Mounting plate 804 has an opening 808 that communicates with a transfer outlet formed in the top of metal-transfer conduit 700, and apertures 810 that receive fasteners 812 that are positioned through apertures 810 and received in bores (not shown) in the top surface of metal-transfer conduit 700. In this manner the attachment portion 802 and clamp 800 are attached to metal-transfer conduit 700, although any suitable attachment mechanism may be used.
Eyelets 812 are attached to mounting plate 804 and are used to lift or lower clamp 800 and metal-transfer conduit 700. Insulation 806 helps protect the metal mounting plate 804 from the heat of molten metal in the vessel in which device 100 is positioned. As shown, insulation 806 is formed of two insulating sheets of material, although any suitable structure may be utilized. Insulation 806 extends along the rear and both sides of metal-transfer conduit 700, but does not extend along the front of metal-transfer conduit 700, because mounting plate 804 does not extend past the front of metal-transfer conduit 700.
Support portion 900 includes two gussets 902, 904 that are preferably comprised of steel and are welded or otherwise connected to mounting plate 804. Connectors 906 are shown as formed of square tubing and are attached, such as by welding or other form of attachment, to each of gussets 902, 904. Each connector 906 has a substantially vertical section 906A and a substantially horizontal section 906B. Each connector 906 further includes an alignment plate 908 that includes a slot 908A.

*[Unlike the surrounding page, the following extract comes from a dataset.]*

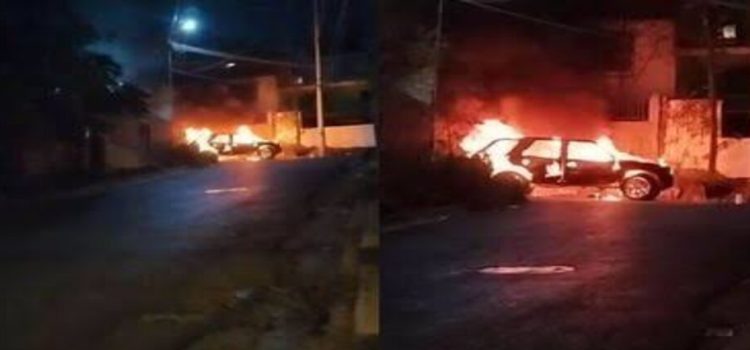 Se incendia camioneta abandonada en Monterrey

A riser ledge assembly 1100 is configured to connect to support portion 900 of clamp 800 in order to connect the metal transfer conduit 700 to pump 100 and to support and properly position metal-transfer conduit 700 in indentation 142. Riser ledge assembly 1100 as shown has a first side 1102 and a second side 1104, although it could be one piece or more than two pieces. Each side 1102, 1104 has a fastening plate 1106 with apertures (not shown) that receive fasteners 1108 that are received in bores 1110 in edge 122A of platform (or superstructure) 122.
Each side 1102, 1104 also has a flange 1112 that is connected to a swivel bolt 1114, and a second flange 1116 with a projection 1118.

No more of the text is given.